● Your goal:
Write out a word-for-word repetition of the lines that come before the line containing "Chevrolet Tracker 1.2 Turbo At" in the listing below, along with that line itself, omitting pictures.

● Records to use:
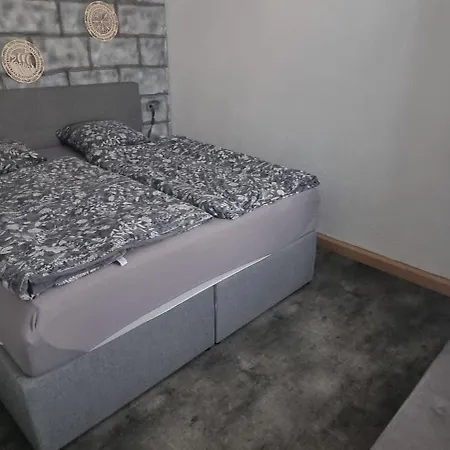 Mephisto Apartment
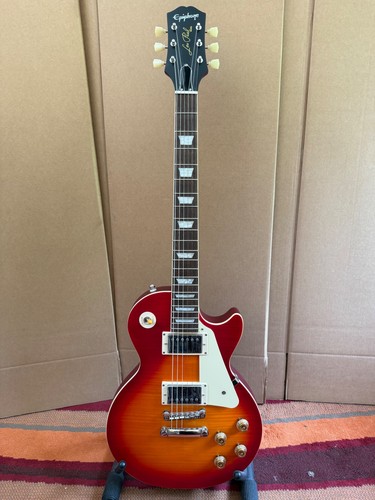 Epiphone 1959 les paul - 1959,
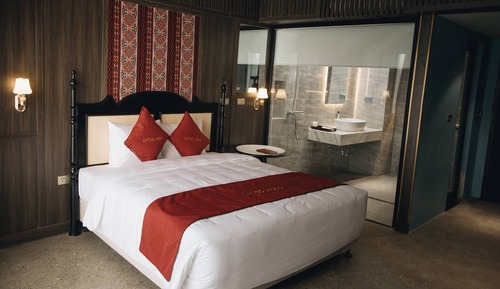 Design Bungalow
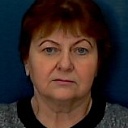Филиппова Татьяна Петровна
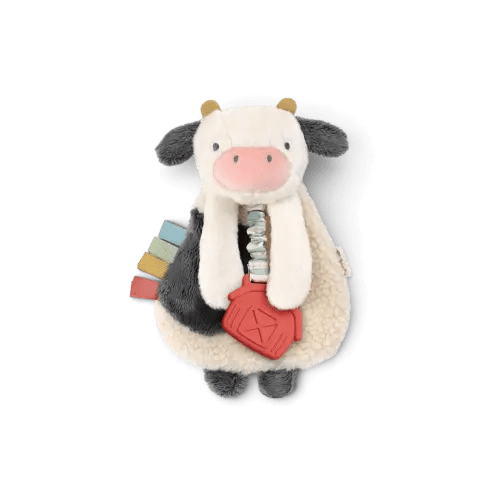 Itzy Lovey™ Plush Teether Toy | Itzy Ritzy ® | Shop Now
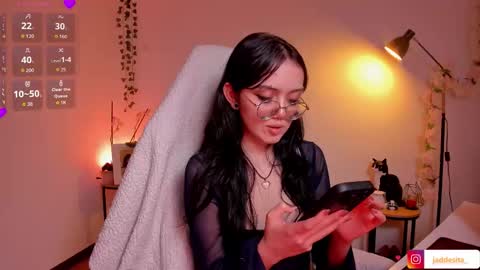 Jadde  online show from November 2, 2025, 3:53 am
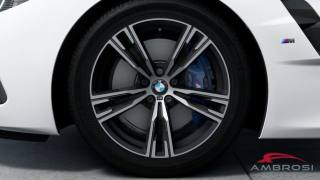BMW Z4 usata 6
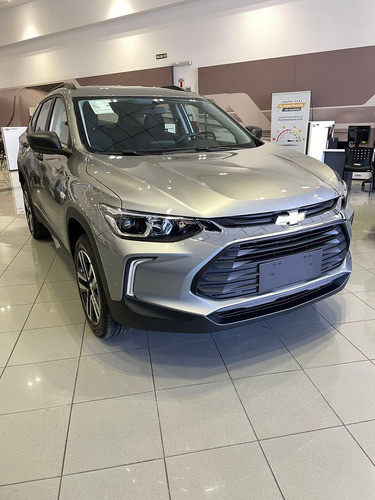 Chevrolet Tracker 1.2 Turbo At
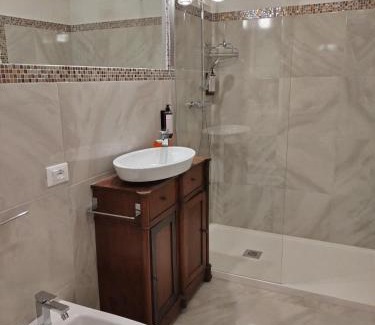 Scanno Cama Y Desayuno | Bed & Breakfast Costanza4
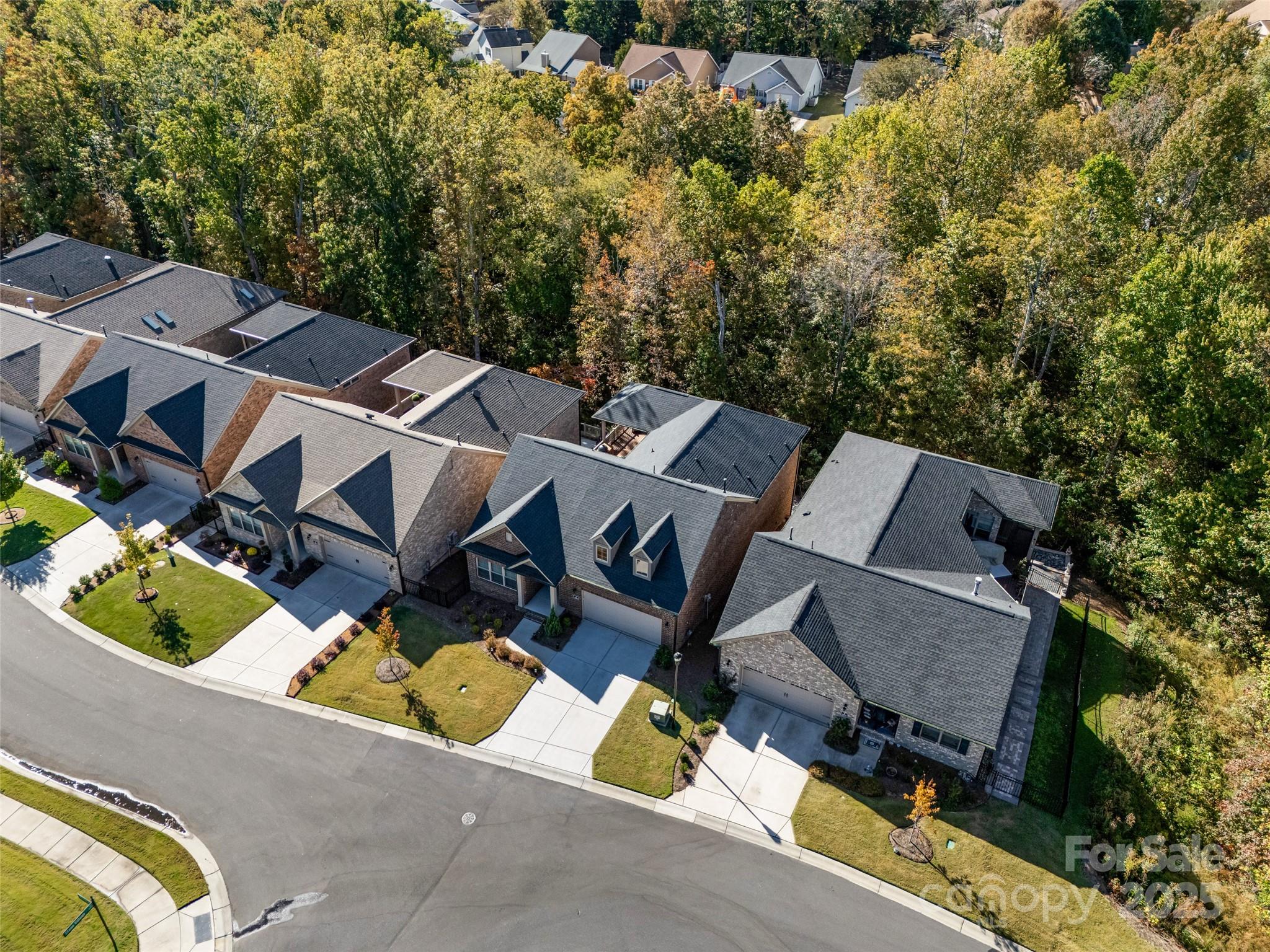 Courtyards at Tega Cay - Residential
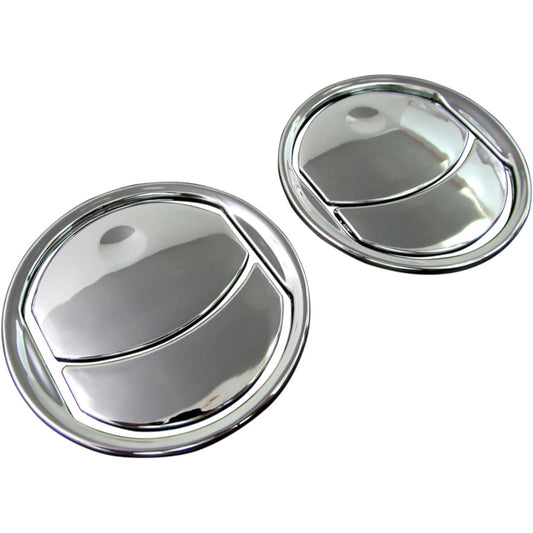 BRIGHTZ N-WGN JH1 JH2 Plated Air Conditioner Louver Cover 6PC [INT-ETC-051] JH 1 2 NWGN N Wagon N WGN N Wagon N Wagon 24782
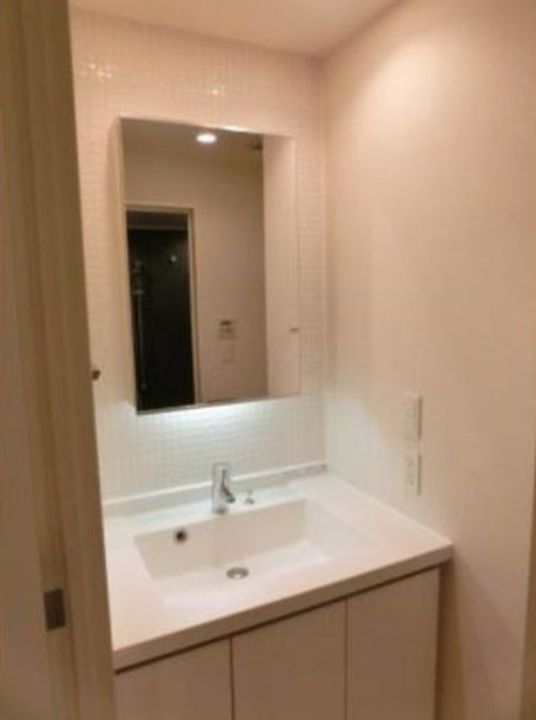 東京都目黒区下目黒2(マンション)の賃貸物件の内装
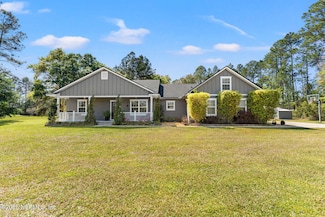 54373 Cravey Rd, Callahan, FL 32011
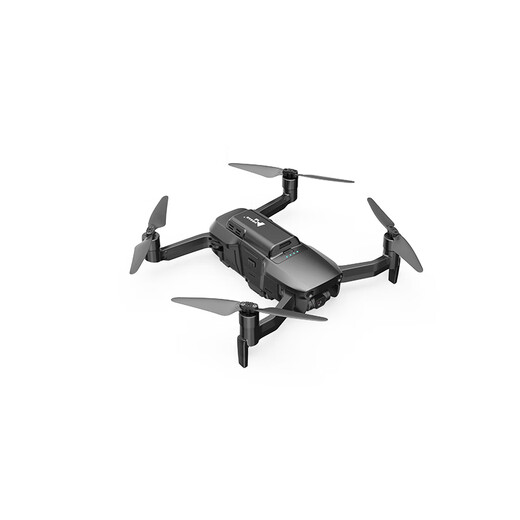 哈博森（HUBSAN）黑鹰2号内置4G模块16公里图传数字图传四轴折叠航拍无人机高清4K遥控飞机飞行器 黑鹰2号内置4G双超电（5000毫安）套餐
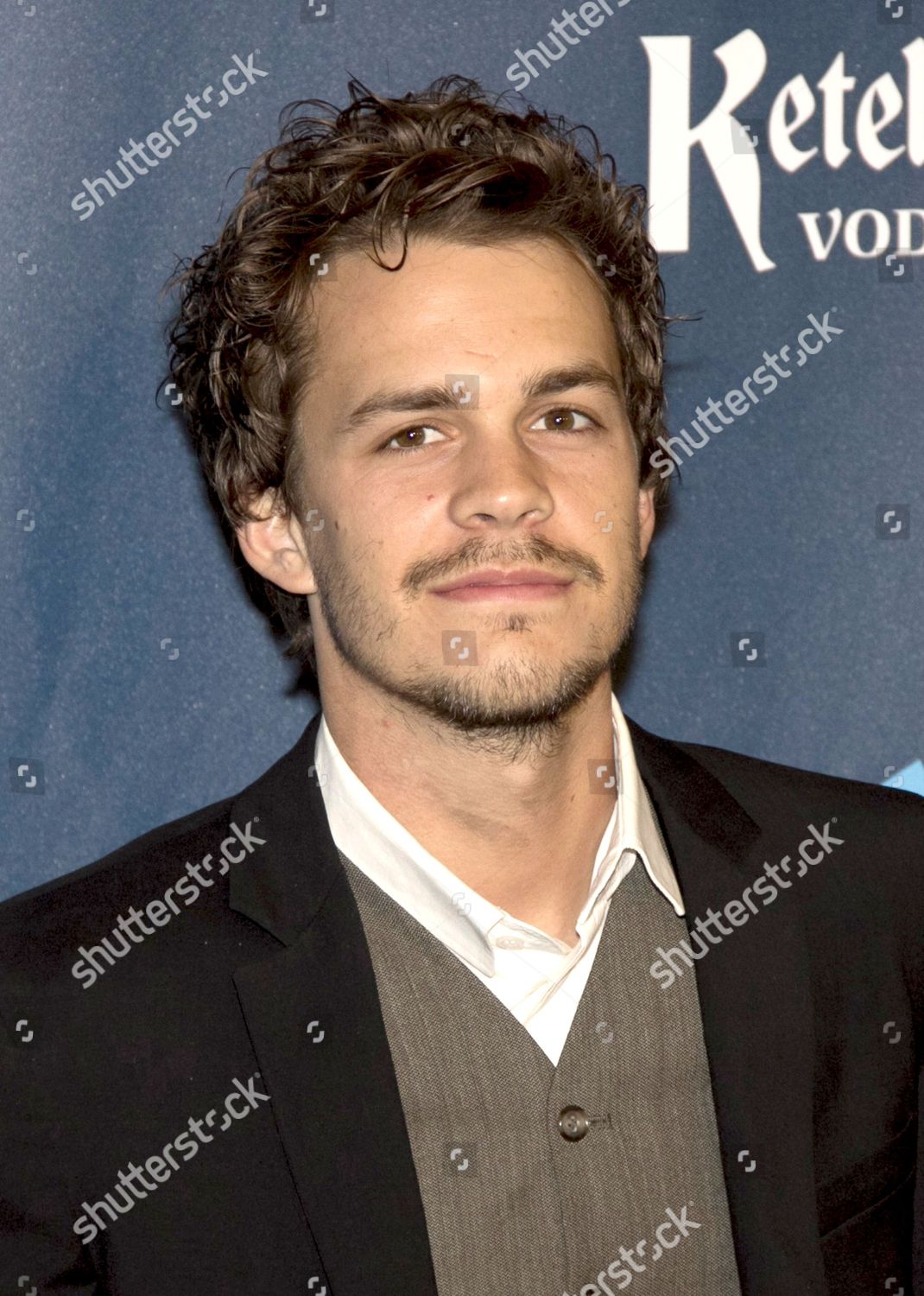 Johnny Simmons Editorial Stock Photo - Stock Image | Shutterstock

● Answer space:
 Mephisto Apartment
 Epiphone 1959 les paul - 1959,
 Design Bungalow
Филиппова Татьяна Петровна
 Itzy Lovey™ Plush Teether Toy | Itzy Ritzy ® | Shop Now
 Jadde  online show from November 2, 2025, 3:53 am
BMW Z4 usata 6
 Chevrolet Tracker 1.2 Turbo At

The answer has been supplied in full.